[[ Records shown, beginning ]]
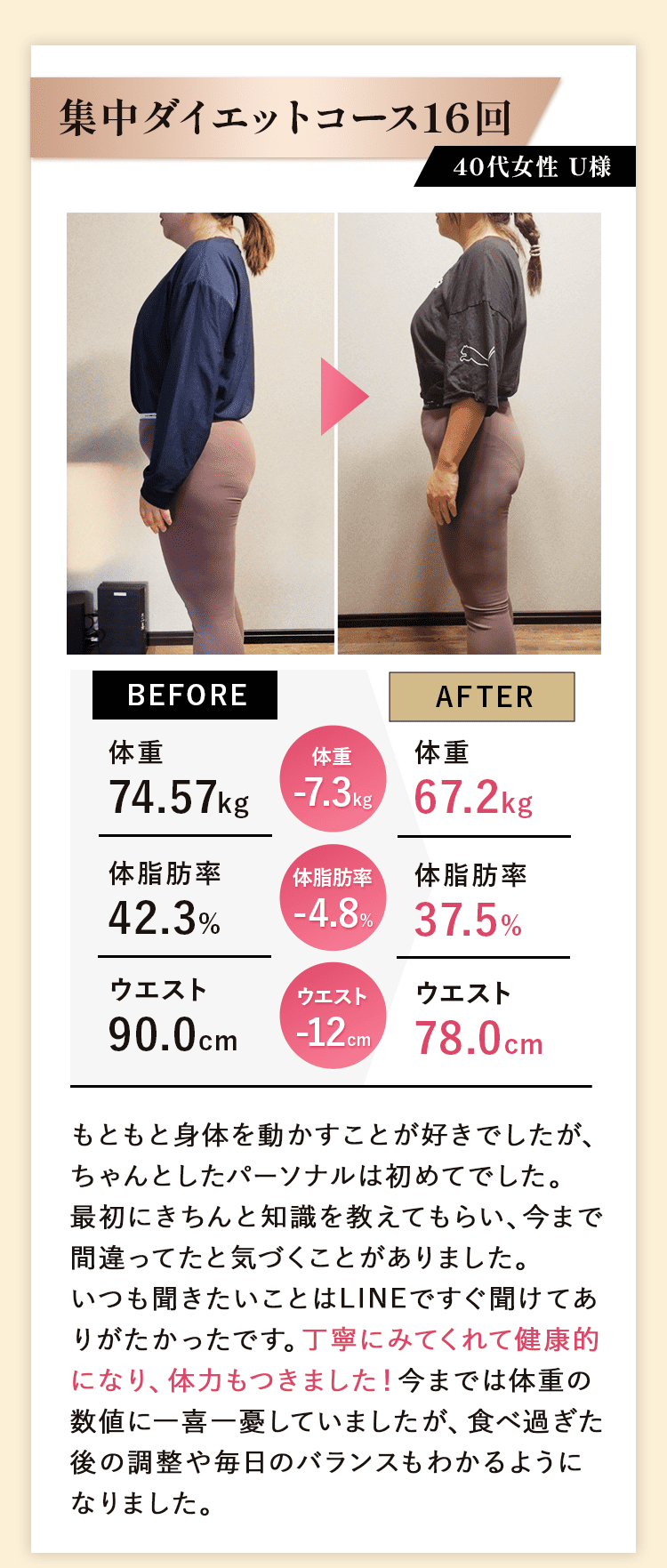 ビフォーアフター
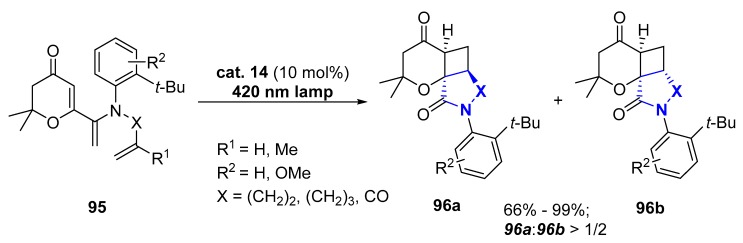 Scheme 12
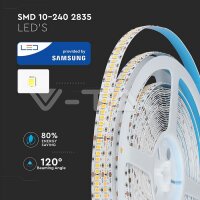 2835 240-LED STRIP LIGHT--24V-IP20-6400K CRI >95 SAMSUNG CHIP 10M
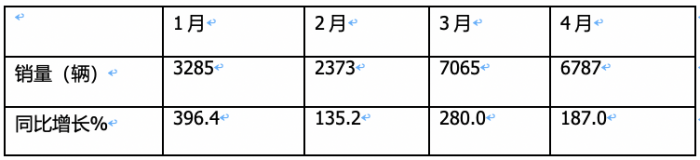 4月新能源輕卡：銷6787輛增187%創(chuàng)新高！ 遠程\東風(fēng)\宇通居前三 比亞迪領(lǐng)漲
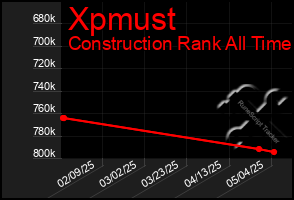 Total Graph of Xpmust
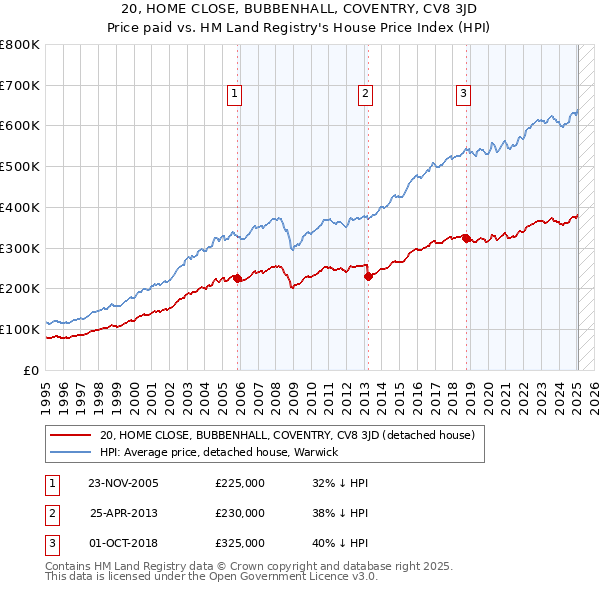 20, HOME CLOSE, BUBBENHALL, COVENTRY, CV8 3JD: Price paid vs HM Land Registry's House Price Index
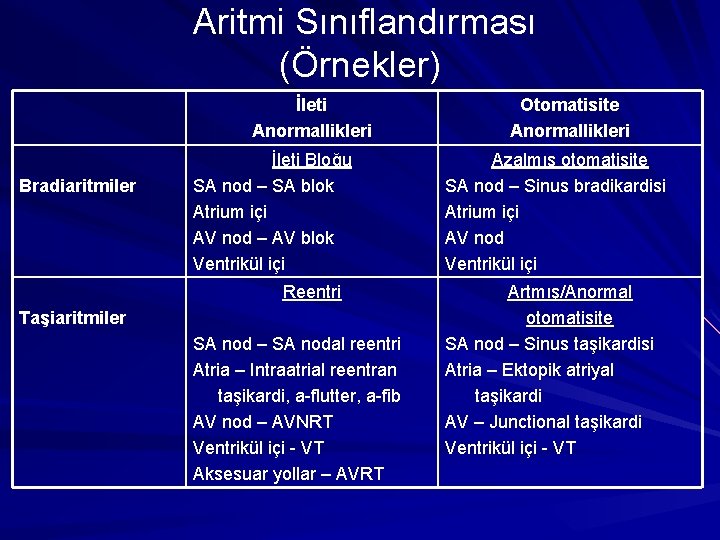 Aritmi Sınıflandırması (Örnekler) İleti Anormallikleri Bradiaritmiler İleti Bloğu SA nod – SA blok Atrium Aritmi Sınıflandırması (Örnekler) İleti Anormallikleri Bradiaritmiler İleti Bloğu SA nod – SA blok Atrium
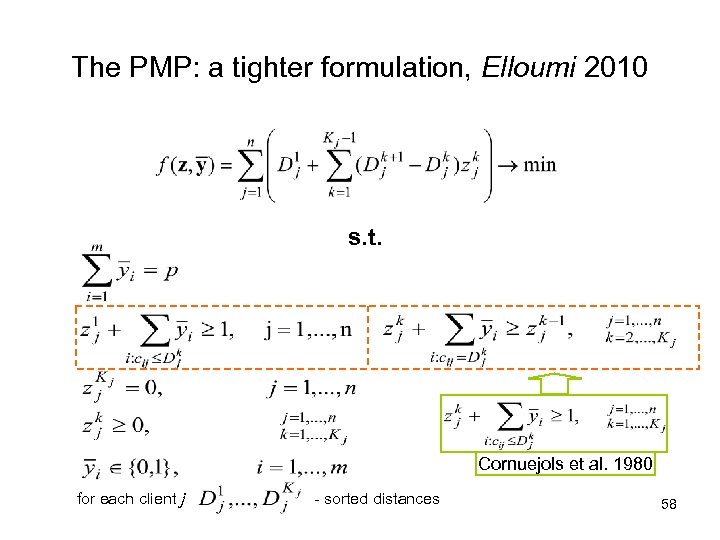The PMP: a tighter formulation, Elloumi 2010 s. t. Cornuejols et al. 1980 for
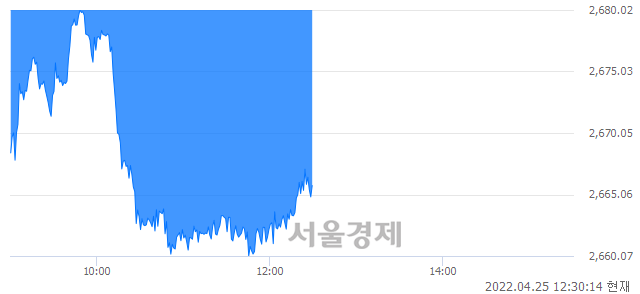 오후 12:30 현재 코스피는 38:62으로 매수우위, 매수강세 업종은 섬유의복업(5.49%↓)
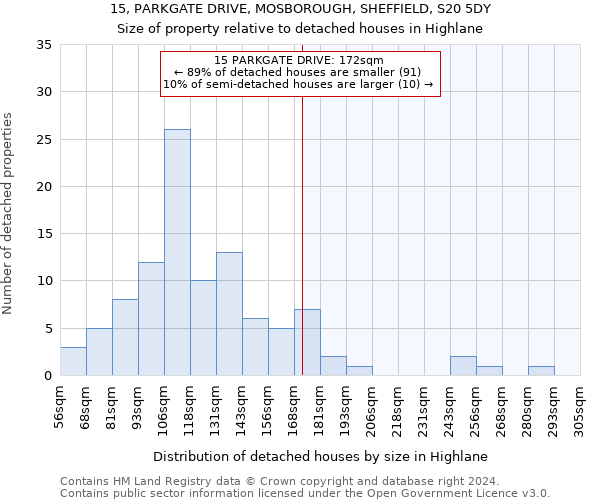 15, PARKGATE DRIVE, MOSBOROUGH, SHEFFIELD, S20 5DY: Size of property relative to detached houses in Highlane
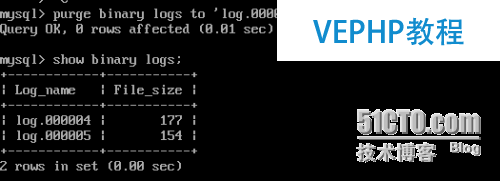 mysql數(shù)據(jù)庫的參數(shù)以及性能的調(diào)配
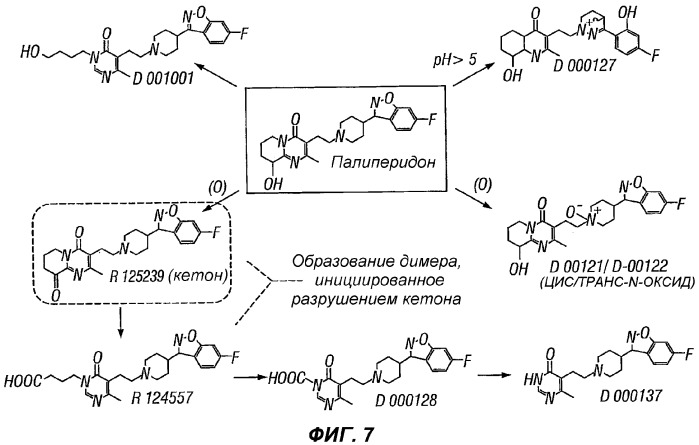 Способы и лекарственные формы для контролируемой доставки палиперидона (патент 2321391)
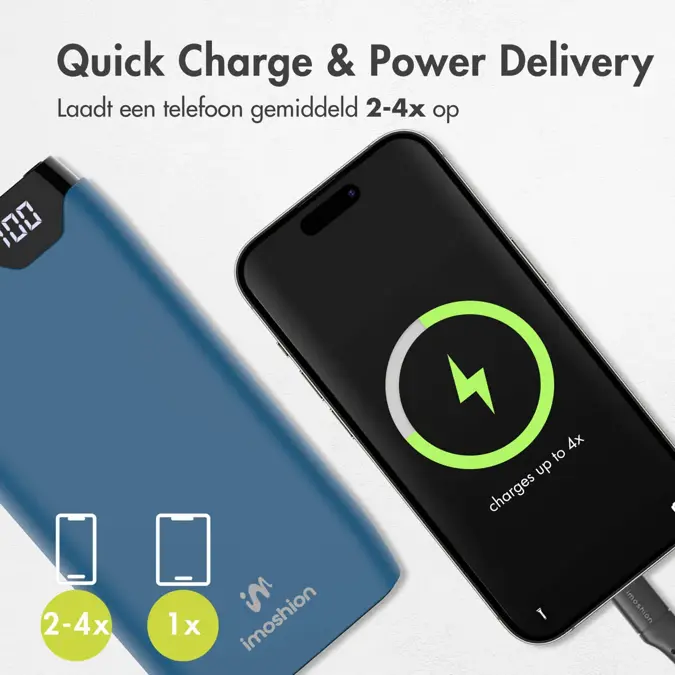imoshion Powerbank 20.000 mAh 22.5w Snellader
[[ Records shown, end ]]
What you need to do: Leave every image out when you return the material above word for word.

Completed exercise:
 ビフォーアフター
 Scheme 12
 2835 240-LED STRIP LIGHT--24V-IP20-6400K CRI >95 SAMSUNG CHIP 10M
 4月新能源輕卡：銷6787輛增187%創(chuàng)新高！ 遠程\東風(fēng)\宇通居前三 比亞迪領(lǐng)漲
 Total Graph of Xpmust
 20, HOME CLOSE, BUBBENHALL, COVENTRY, CV8 3JD: Price paid vs HM Land Registry's House Price Index
 Aritmi Sınıflandırması (Örnekler) İleti Anormallikleri Bradiaritmiler İleti Bloğu SA nod – SA blok Atrium Aritmi Sınıflandırması (Örnekler) İleti Anormallikleri Bradiaritmiler İleti Bloğu SA nod – SA blok Atrium
The PMP: a tighter formulation, Elloumi 2010 s. t. Cornuejols et al. 1980 for
 오후 12:30 현재 코스피는 38:62으로 매수우위, 매수강세 업종은 섬유의복업(5.49%↓)
 15, PARKGATE DRIVE, MOSBOROUGH, SHEFFIELD, S20 5DY: Size of property relative to detached houses in Highlane
 mysql數(shù)據(jù)庫的參數(shù)以及性能的調(diào)配
 Способы и лекарственные формы для контролируемой доставки палиперидона (патент 2321391)
imoshion Powerbank 20.000 mAh 22.5w Snellader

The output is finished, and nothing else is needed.